Task statement
Your answer should be the records again, unchanged in wording and free of images.

Short web captions
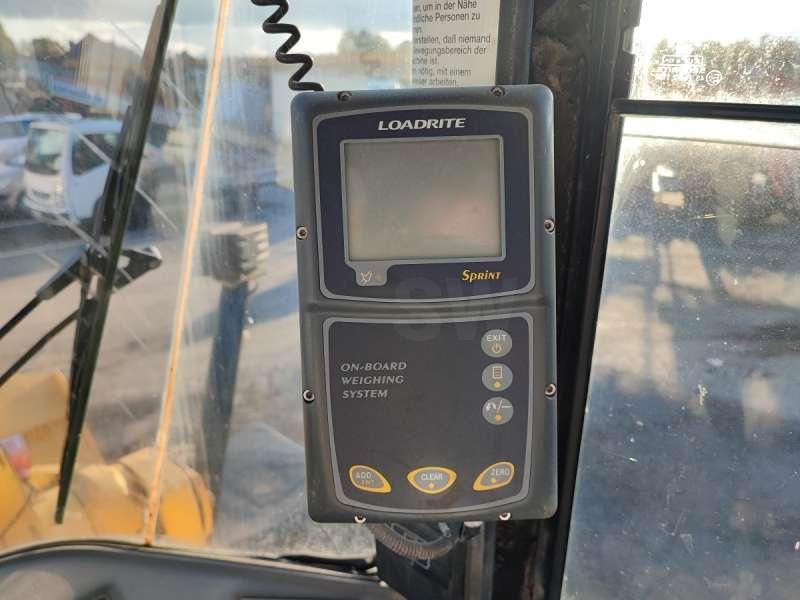 Ελαστιχοφόρος φορτωτής Komatsu WA270-3: φωτογραφία 38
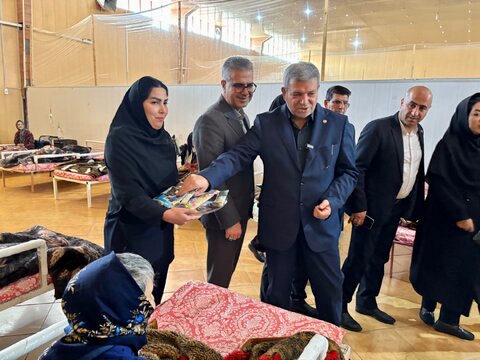 گزارش تصویری | بازدید معاون وزیر از سرای سالمندان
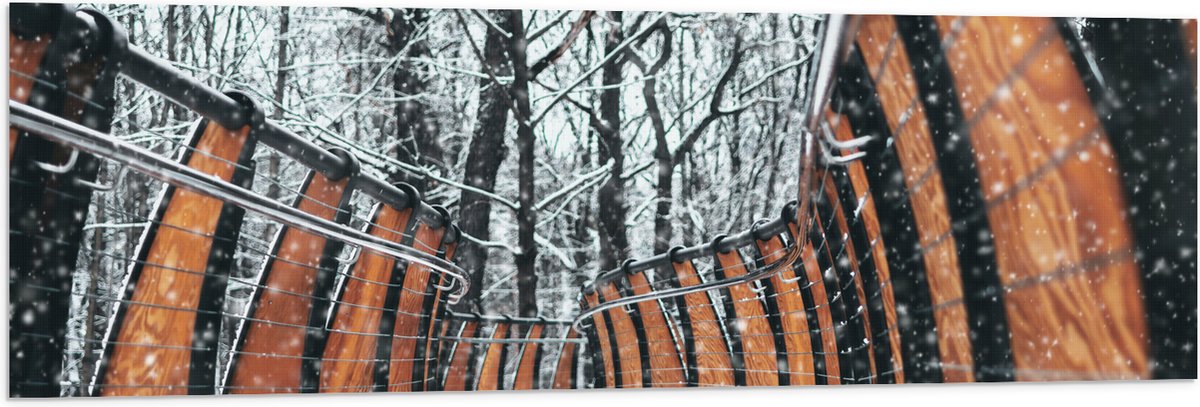 Vlag - Hekwerk in Ondergesneeuwd Bos - 120x40 cm Foto op Polyester Vlag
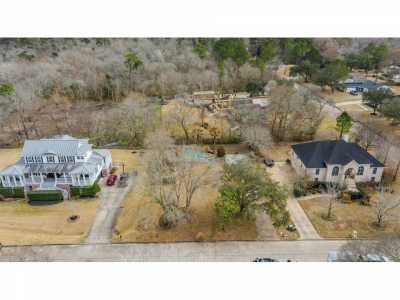 Home For Sale in Friendswood, Texas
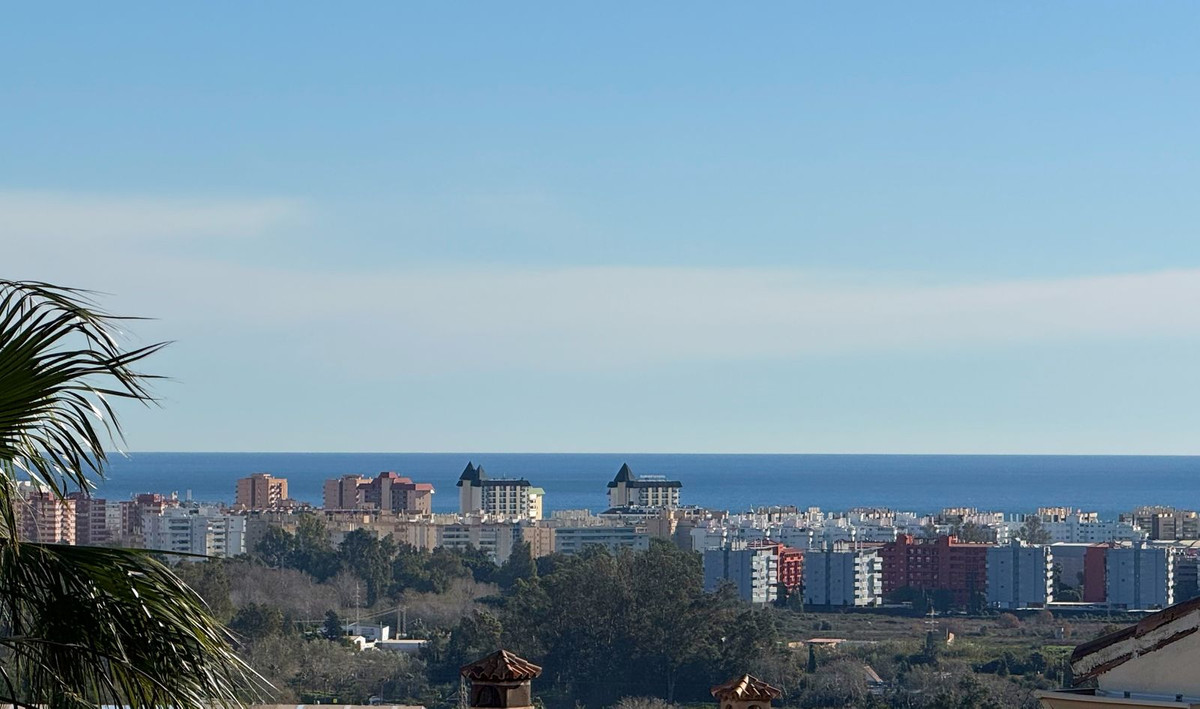 Huis te koop in Mijas Costa | 4 slaapkamers H5283952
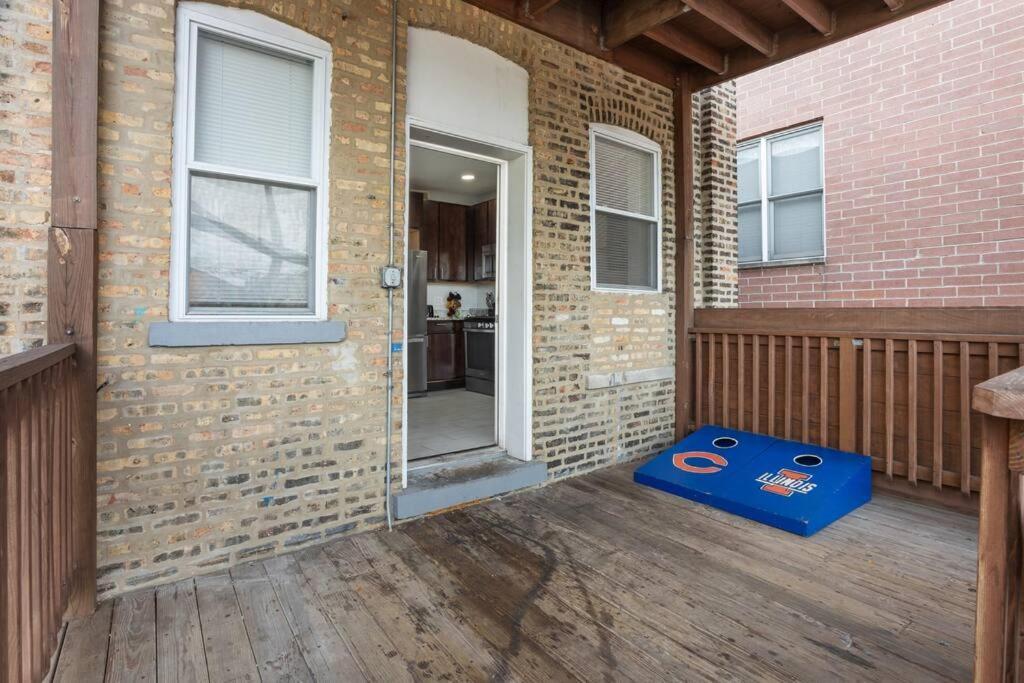 Apartment Game Day Getaway - 3br In Vibrant Wrigleyville Chicago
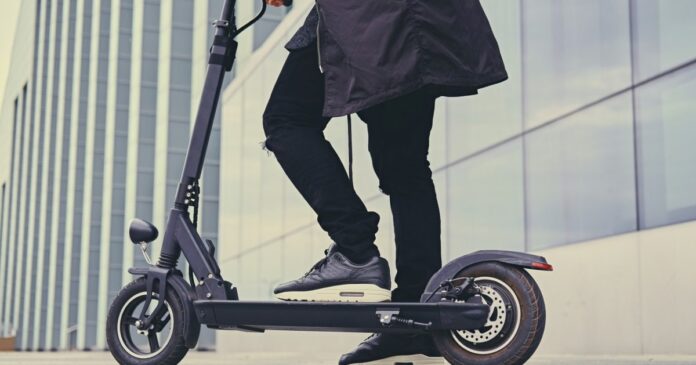 Orașul românesc care implementează trotinete electrice cu funcție de „autopilot”: ele încetinesc automat lângă școli și se opresc în zonele pietonale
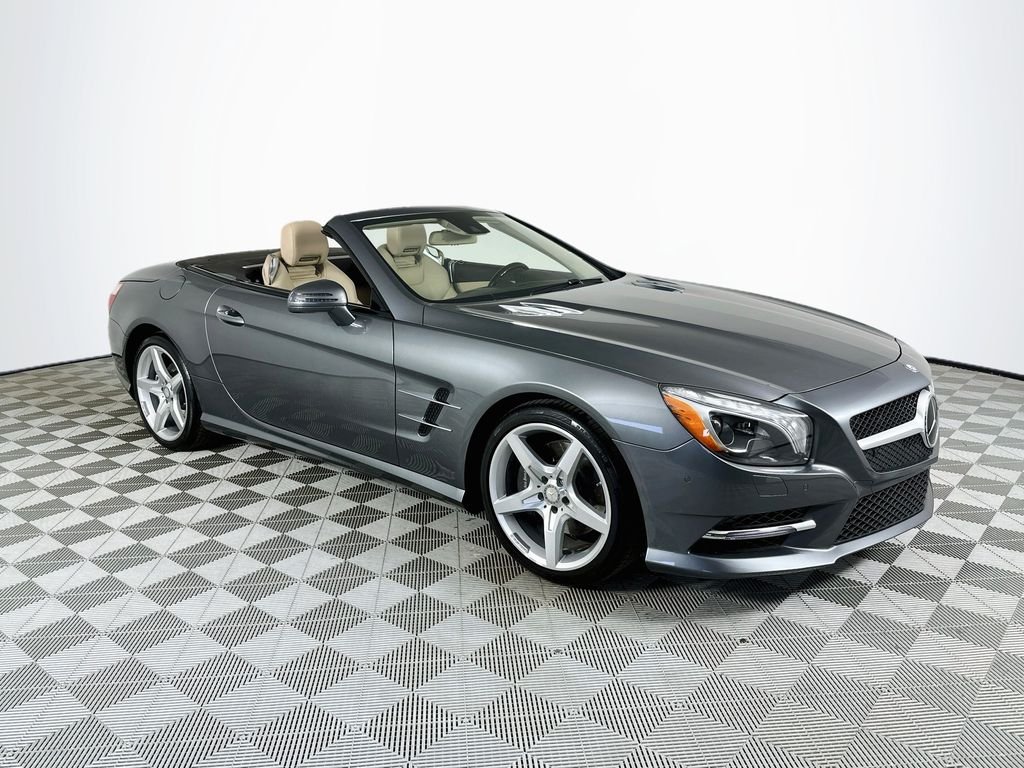 2016 Mercedes-Benz SL SL400's photo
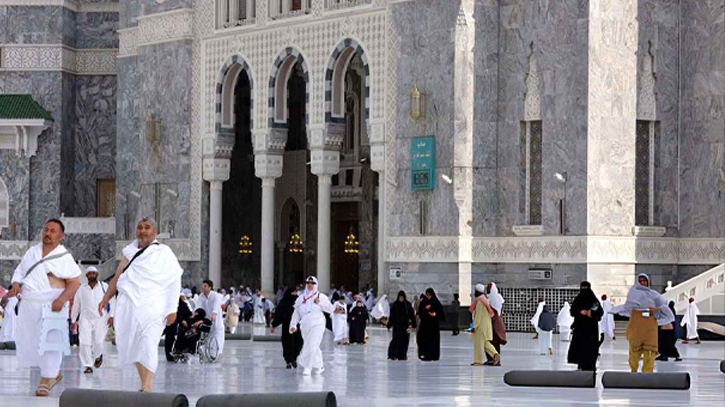 Saudi Arabia adds new conditions for multiple-entry Umrah visas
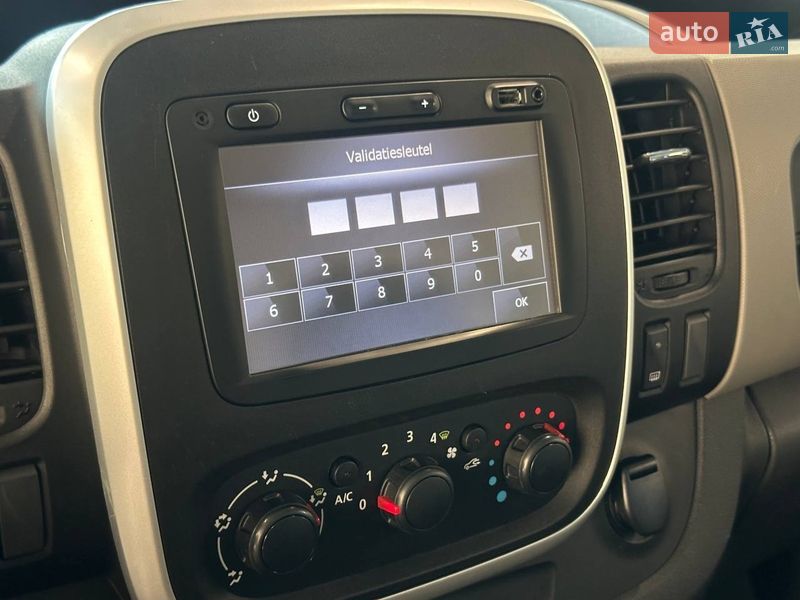 Минивэн Renault Trafic 2015 в Львове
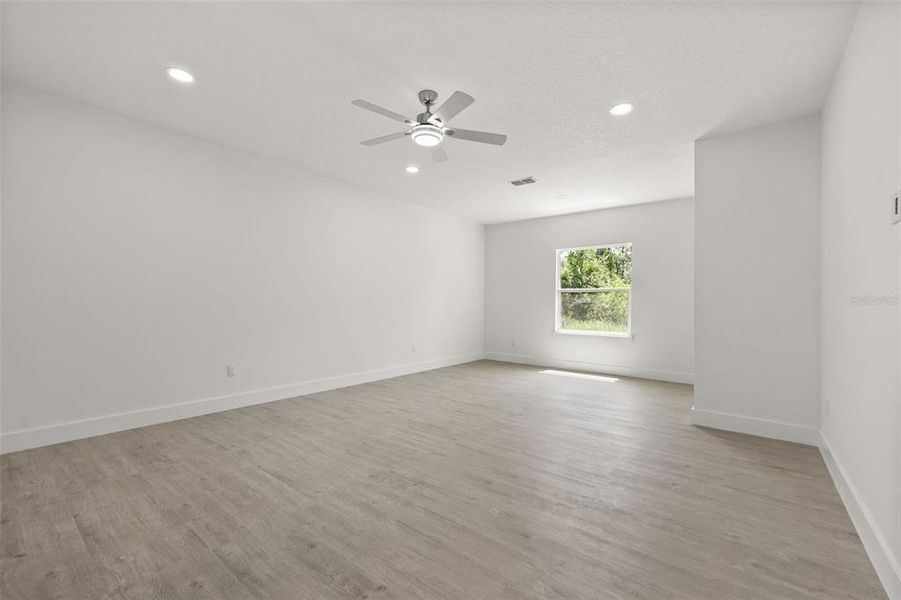 Spacious, unfurnished interior of a new home in , Palm Bay (Image 26).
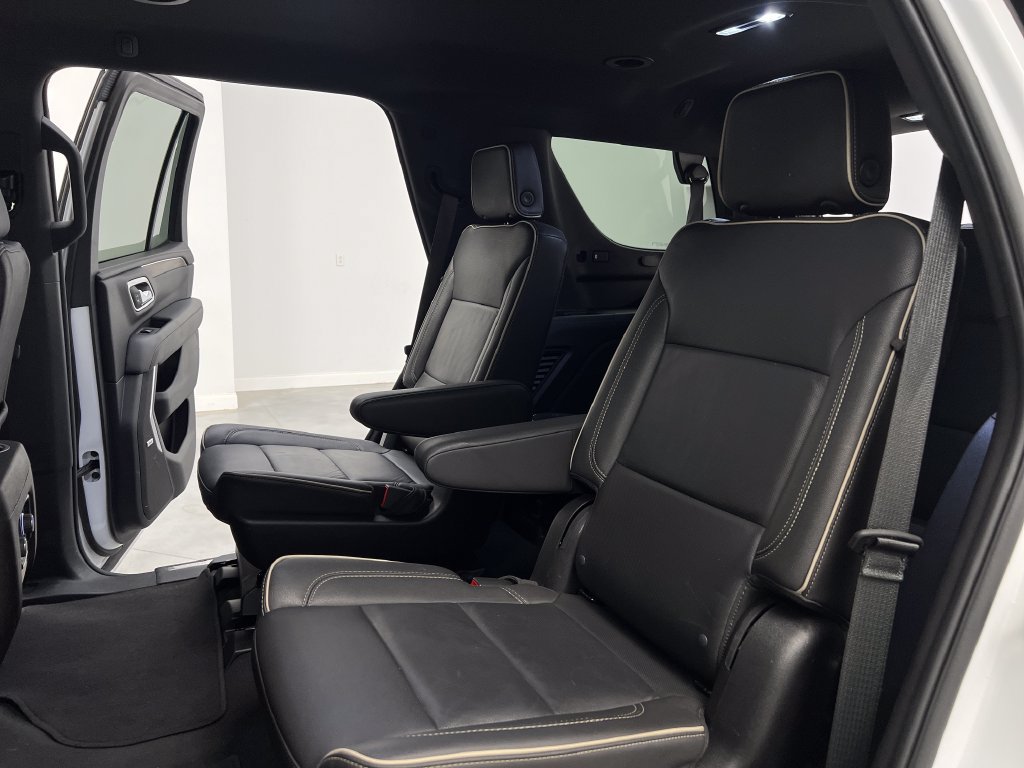 Used 2024 Chevrolet Tahoe Premier AWD/4WD image 18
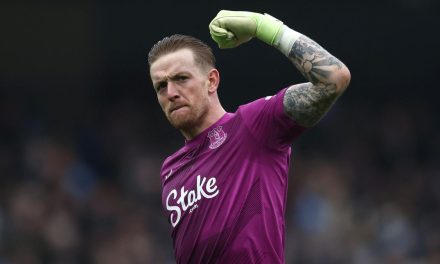Jejak Karier Jordan Pickford Si Kiper Impersif Everton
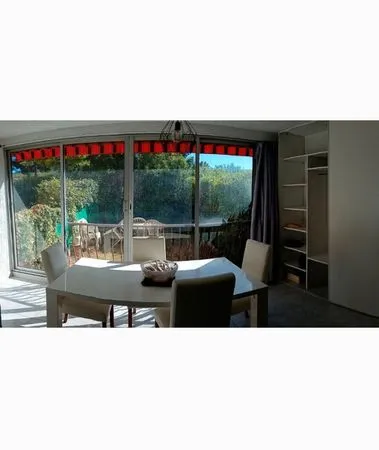 Grand Studio avec jardin, Terrasse et parking privé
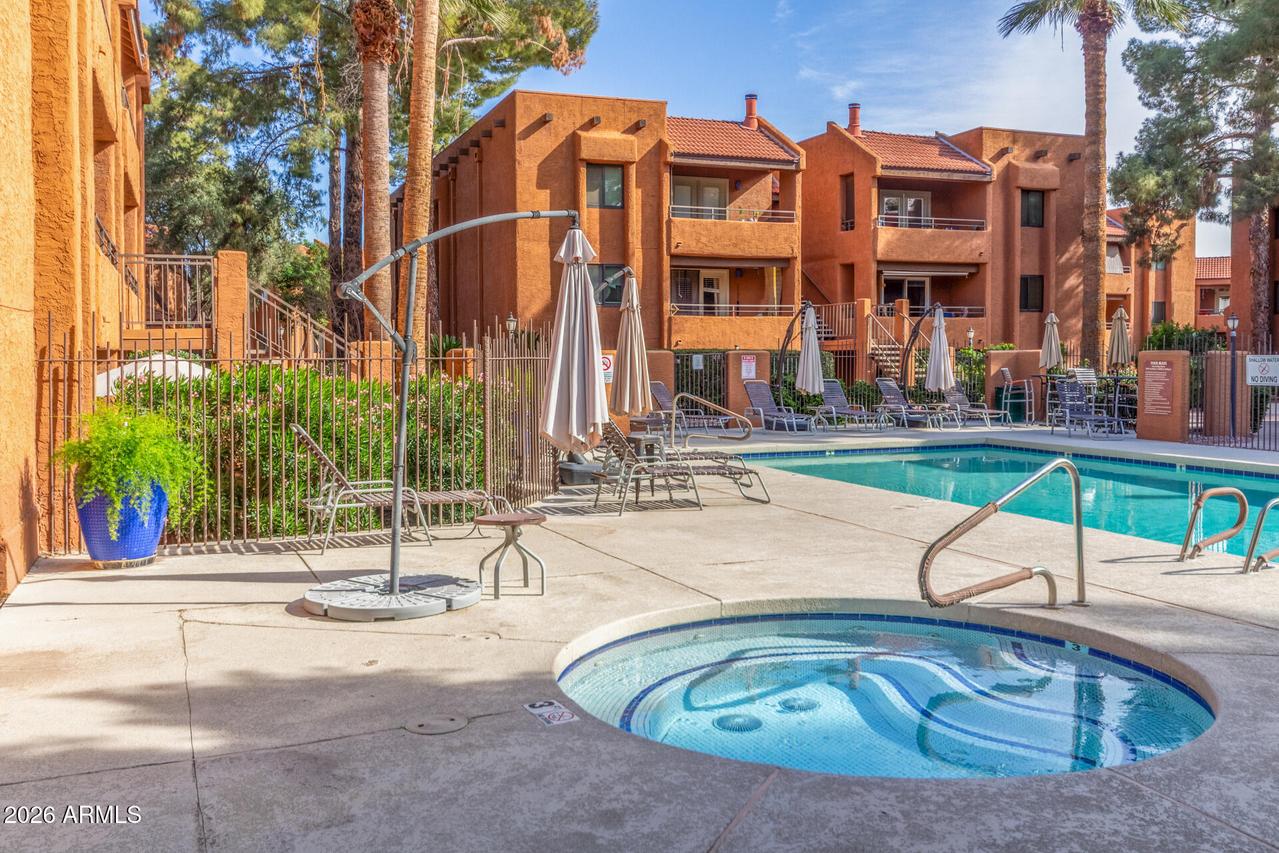 4704 E Paradise Village Pkwy. #226, Phoenix, AZ 85032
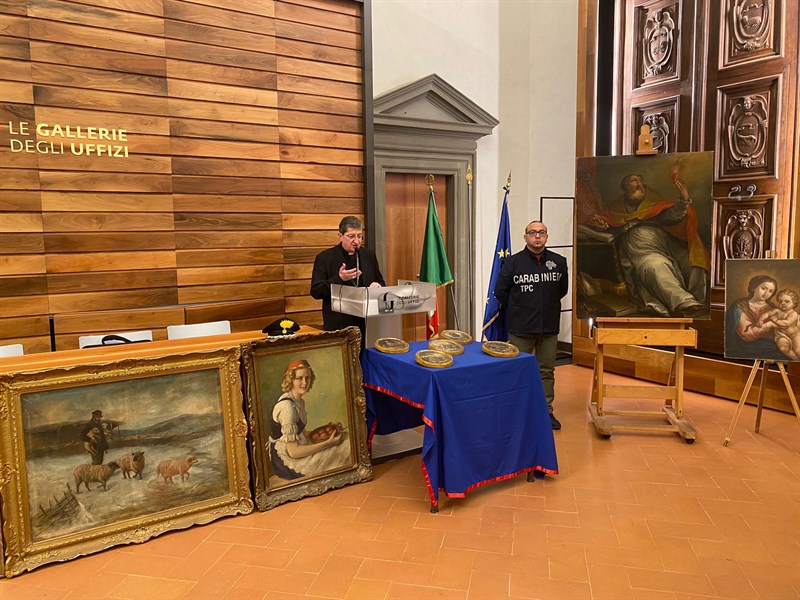 Il momento della riconsegna dei dipinti rubati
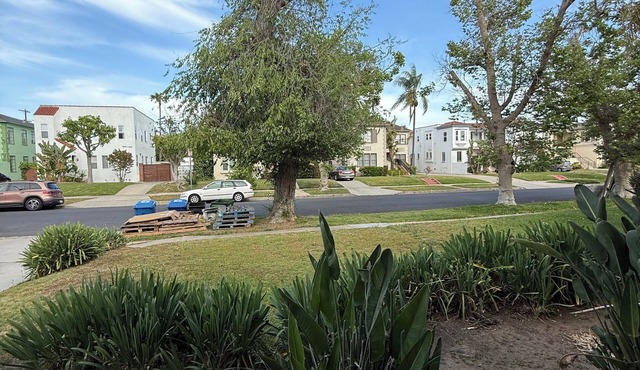 Modern 2Br + Sofa Bed + 2Bth in Miracle Mile in Los Angeles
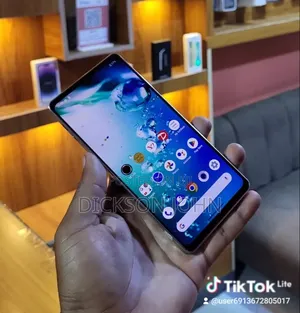 Sharp Aquos zero6 128 GB White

Output
 Ελαστιχοφόρος φορτωτής Komatsu WA270-3: φωτογραφία 38
 گزارش تصویری | بازدید معاون وزیر از سرای سالمندان
 Vlag - Hekwerk in Ondergesneeuwd Bos - 120x40 cm Foto op Polyester Vlag
 Home For Sale in Friendswood, Texas
 Huis te koop in Mijas Costa | 4 slaapkamers H5283952
 Apartment Game Day Getaway - 3br In Vibrant Wrigleyville Chicago
 Orașul românesc care implementează trotinete electrice cu funcție de „autopilot”: ele încetinesc automat lângă școli și se opresc în zonele pietonale
 2016 Mercedes-Benz SL SL400's photo
 Saudi Arabia adds new conditions for multiple-entry Umrah visas
 Минивэн Renault Trafic 2015 в Львове
 Spacious, unfurnished interior of a new home in , Palm Bay (Image 26).
 Used 2024 Chevrolet Tahoe Premier AWD/4WD image 18
Jejak Karier Jordan Pickford Si Kiper Impersif Everton
 Grand Studio avec jardin, Terrasse et parking privé
 4704 E Paradise Village Pkwy. #226, Phoenix, AZ 85032
 Il momento della riconsegna dei dipinti rubati
 Modern 2Br + Sofa Bed + 2Bth in Miracle Mile in Los Angeles
 Sharp Aquos zero6 128 GB White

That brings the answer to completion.